• _Directions for this task_: Below are the entries. Print only the lines starting at the one with "Imagem de Violão" and ending at the one with "Abidin 18K Recycled", exactly, with no pictures.

• _Material supplied_:
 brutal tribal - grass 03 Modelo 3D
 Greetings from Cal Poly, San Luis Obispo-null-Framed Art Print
...
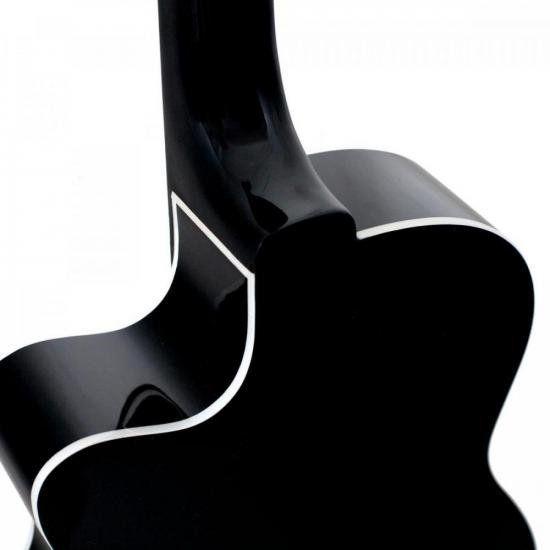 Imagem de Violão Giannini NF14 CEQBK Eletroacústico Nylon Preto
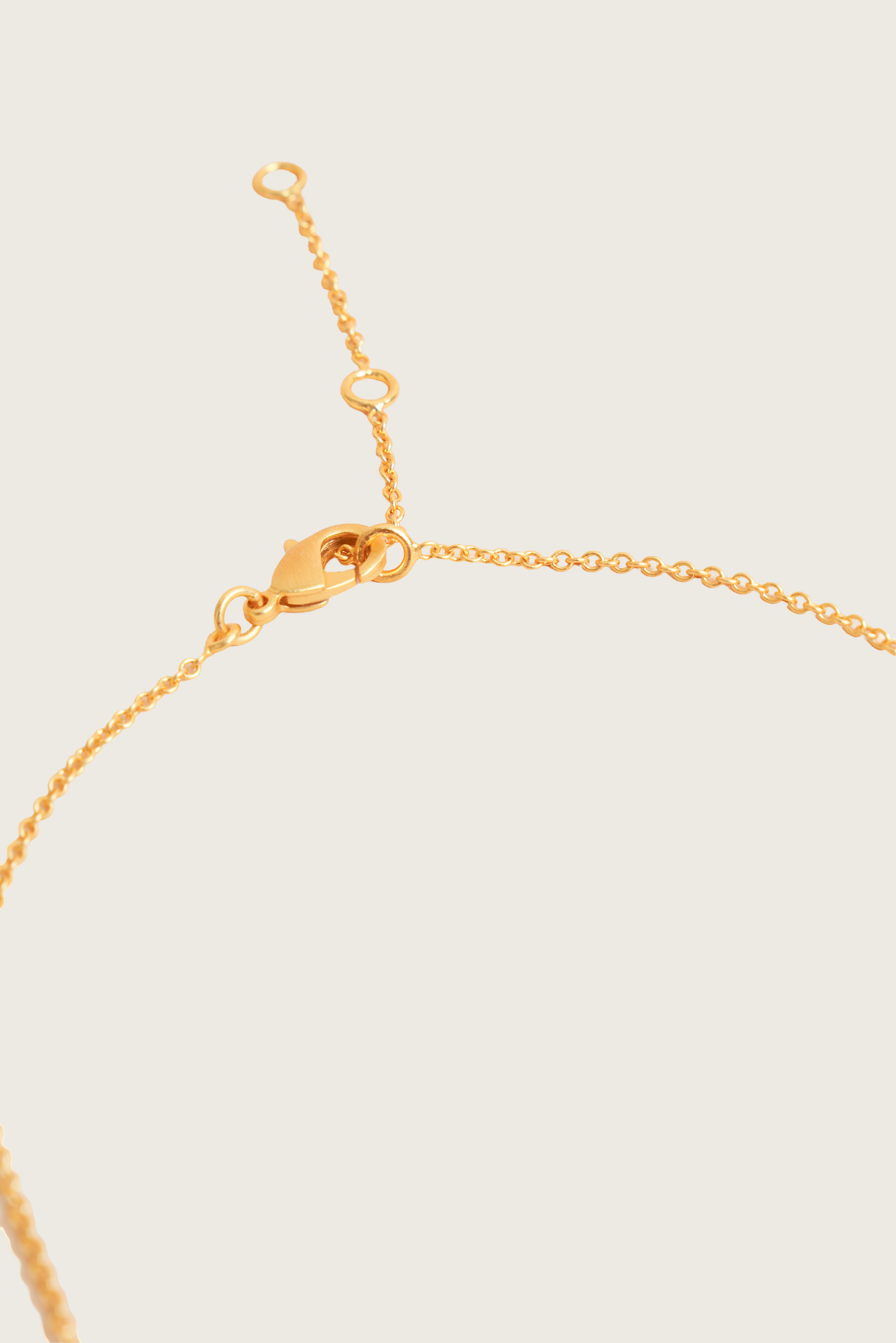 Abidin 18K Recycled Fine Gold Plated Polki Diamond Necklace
---
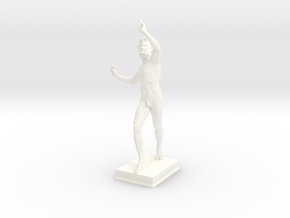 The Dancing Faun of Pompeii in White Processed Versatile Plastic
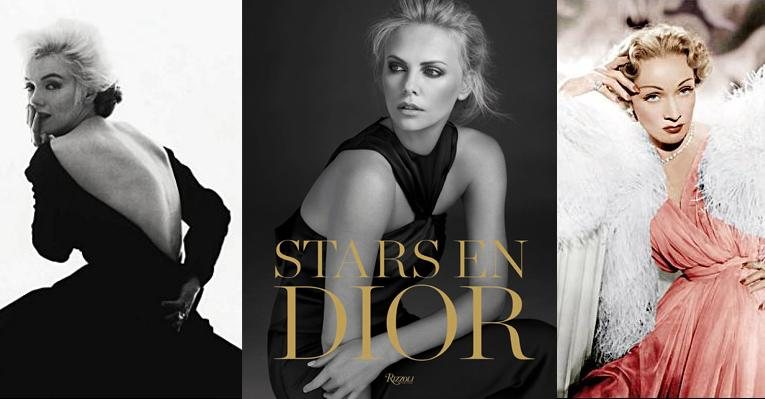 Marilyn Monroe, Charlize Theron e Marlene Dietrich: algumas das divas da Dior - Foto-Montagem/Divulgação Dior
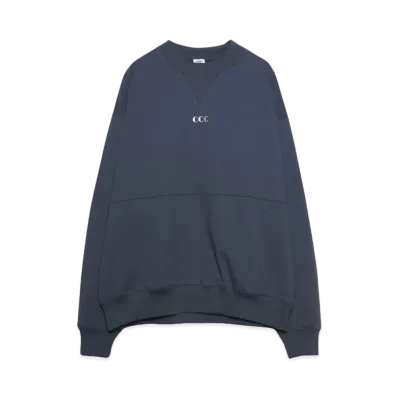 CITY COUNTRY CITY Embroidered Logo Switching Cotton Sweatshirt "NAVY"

• _Solution to this problem_:
 Imagem de Violão Giannini NF14 CEQBK Eletroacústico Nylon Preto
 Abidin 18K Recycled Fine Gold Plated Polki Diamond Necklace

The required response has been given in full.